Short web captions
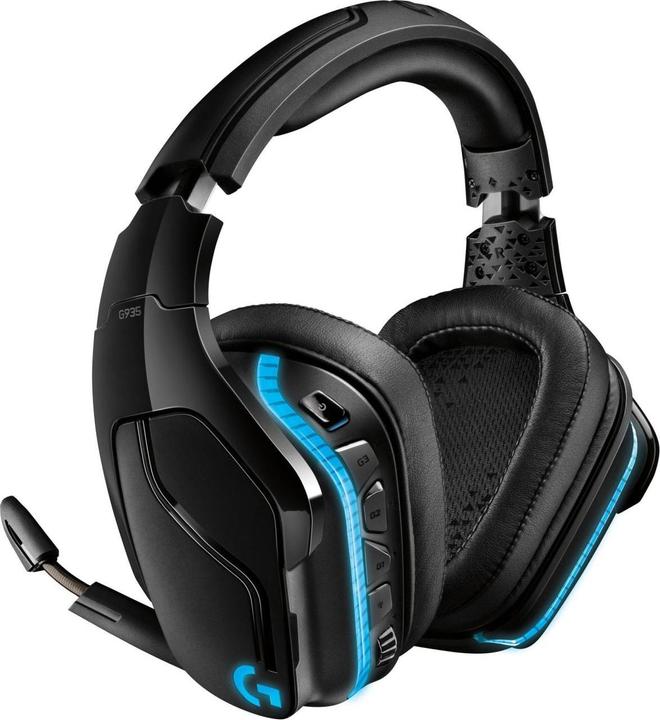 Produktbild Logitech G G935 Wireless 7.1 Surround Sound LIGHTSYNC für Gaming - 2,4 GHz - EMEA (Kabellos)
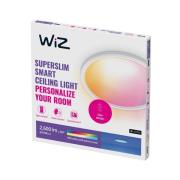 WiZ SuperSlim LED-kattovalaisin RGBW Ø42cm valkoinen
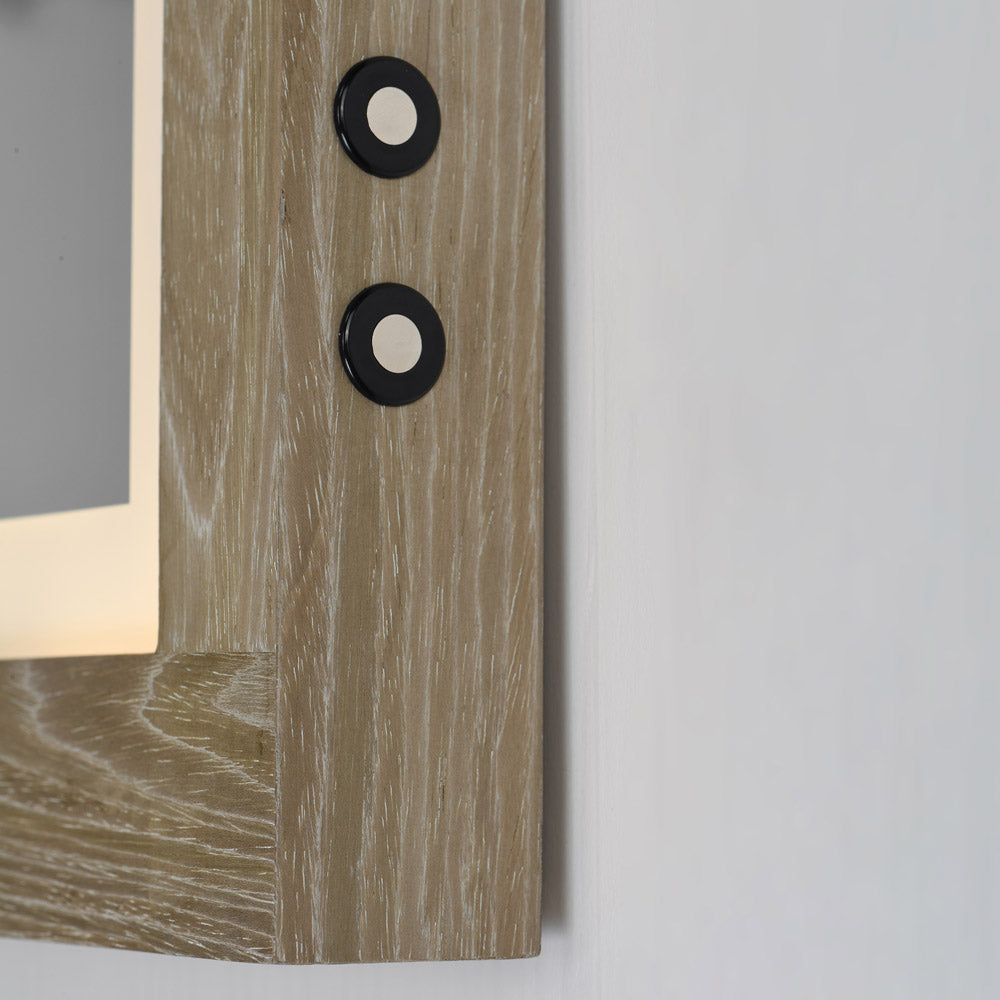 Sawyer LED Wall Mirror in Detail.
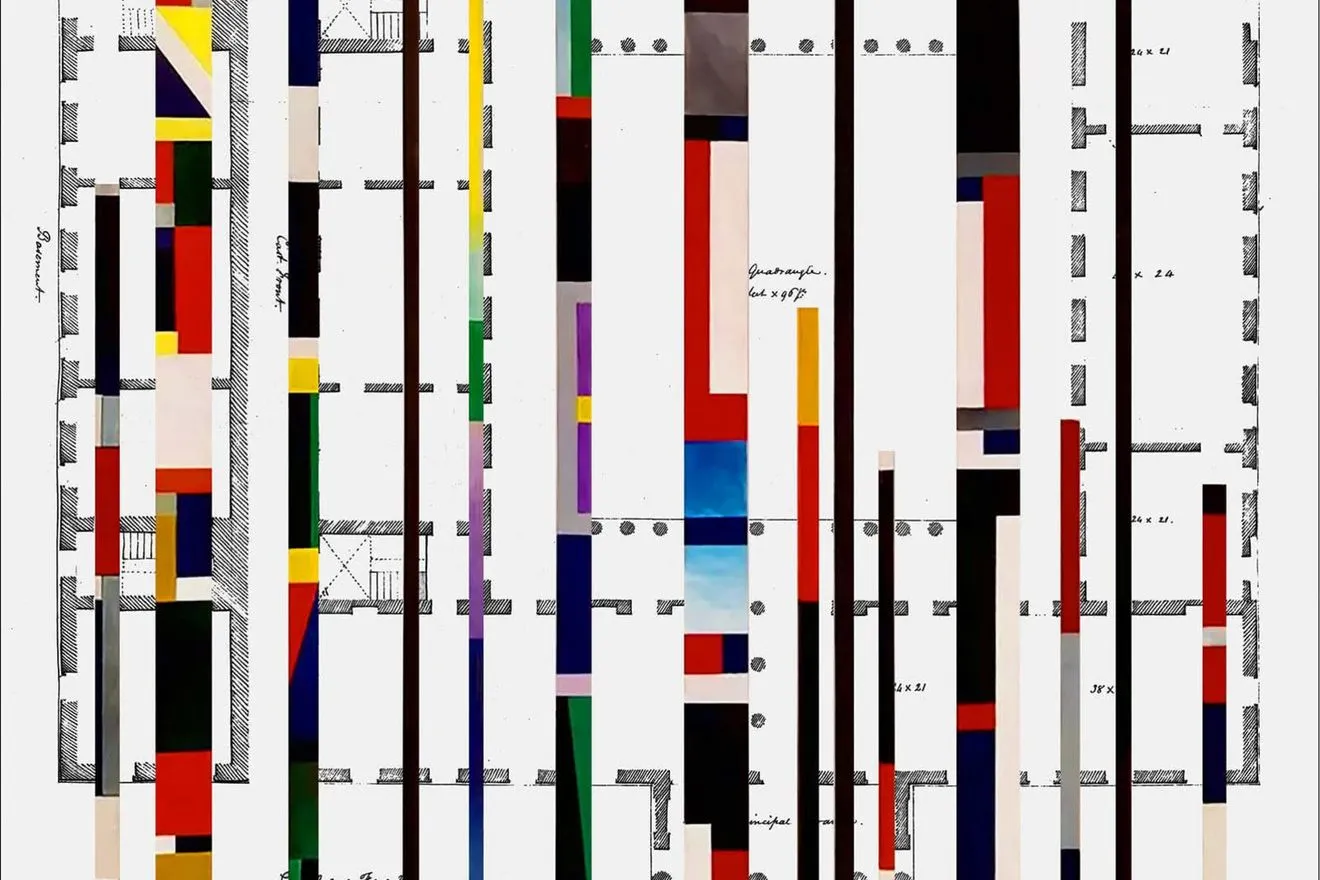 έργο από την ατομική έκθεση του Άγγελου Σκούρτη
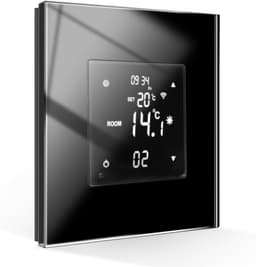 Slimme Thermostaat - Kamertemperatuurregelaar - Verwarming Regelen - Touchscreen Bediening - 16A - Wit — thumbnail 3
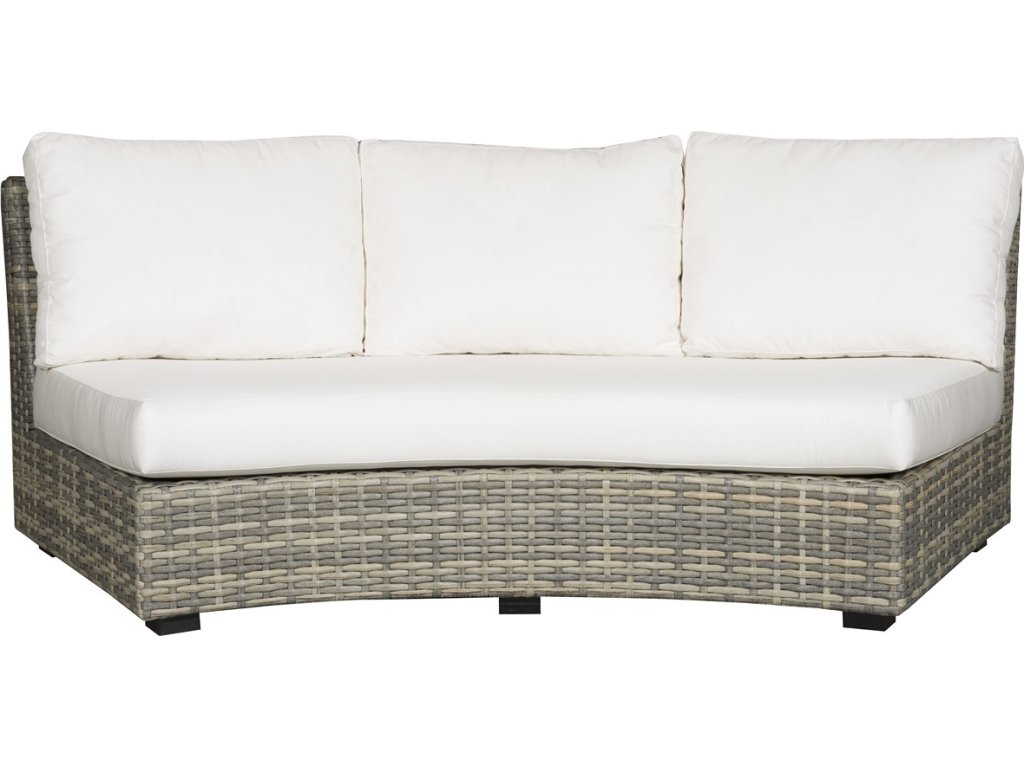 Montclair Outdoor Large Curved Armless Sofa - main image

● **WHAT YOU NEED TO DO**:
Please repeat each record above precisely, with the pictures left out.

● **YOUR SOLUTION**:
 Produktbild Logitech G G935 Wireless 7.1 Surround Sound LIGHTSYNC für Gaming - 2,4 GHz - EMEA (Kabellos)
 WiZ SuperSlim LED-kattovalaisin RGBW Ø42cm valkoinen
 Sawyer LED Wall Mirror in Detail.
 έργο από την ατομική έκθεση του Άγγελου Σκούρτη
 Slimme Thermostaat - Kamertemperatuurregelaar - Verwarming Regelen - Touchscreen Bediening - 16A - Wit — thumbnail 3
 Montclair Outdoor Large Curved Armless Sofa - main image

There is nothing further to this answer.